━━━━━ SOURCE DATA

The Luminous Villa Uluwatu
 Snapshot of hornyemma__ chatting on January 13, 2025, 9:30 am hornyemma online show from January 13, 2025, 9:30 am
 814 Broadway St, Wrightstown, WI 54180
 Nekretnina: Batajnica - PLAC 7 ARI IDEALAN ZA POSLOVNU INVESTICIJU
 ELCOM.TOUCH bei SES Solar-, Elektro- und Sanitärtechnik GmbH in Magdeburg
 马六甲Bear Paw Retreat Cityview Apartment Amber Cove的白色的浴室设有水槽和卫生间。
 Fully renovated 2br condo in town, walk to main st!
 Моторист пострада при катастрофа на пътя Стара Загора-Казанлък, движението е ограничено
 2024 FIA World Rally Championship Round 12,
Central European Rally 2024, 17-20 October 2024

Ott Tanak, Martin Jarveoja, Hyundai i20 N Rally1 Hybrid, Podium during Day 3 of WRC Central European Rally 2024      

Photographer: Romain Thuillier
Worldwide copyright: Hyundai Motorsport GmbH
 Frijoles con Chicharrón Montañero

━━━━━━━━━━

**AIM OF THE EXERCISE:**
Having read the material, set all of it down again without a single difference.

**RESPONSE:**
The Luminous Villa Uluwatu
 Snapshot of hornyemma__ chatting on January 13, 2025, 9:30 am hornyemma online show from January 13, 2025, 9:30 am
 814 Broadway St, Wrightstown, WI 54180
 Nekretnina: Batajnica - PLAC 7 ARI IDEALAN ZA POSLOVNU INVESTICIJU
 ELCOM.TOUCH bei SES Solar-, Elektro- und Sanitärtechnik GmbH in Magdeburg
 马六甲Bear Paw Retreat Cityview Apartment Amber Cove的白色的浴室设有水槽和卫生间。
 Fully renovated 2br condo in town, walk to main st!
 Моторист пострада при катастрофа на пътя Стара Загора-Казанлък, движението е ограничено
 2024 FIA World Rally Championship Round 12,
Central European Rally 2024, 17-20 October 2024

Ott Tanak, Martin Jarveoja, Hyundai i20 N Rally1 Hybrid, Podium during Day 3 of WRC Central European Rally 2024      

Photographer: Romain Thuillier
Worldwide copyright: Hyundai Motorsport GmbH
 Frijoles con Chicharrón Montañero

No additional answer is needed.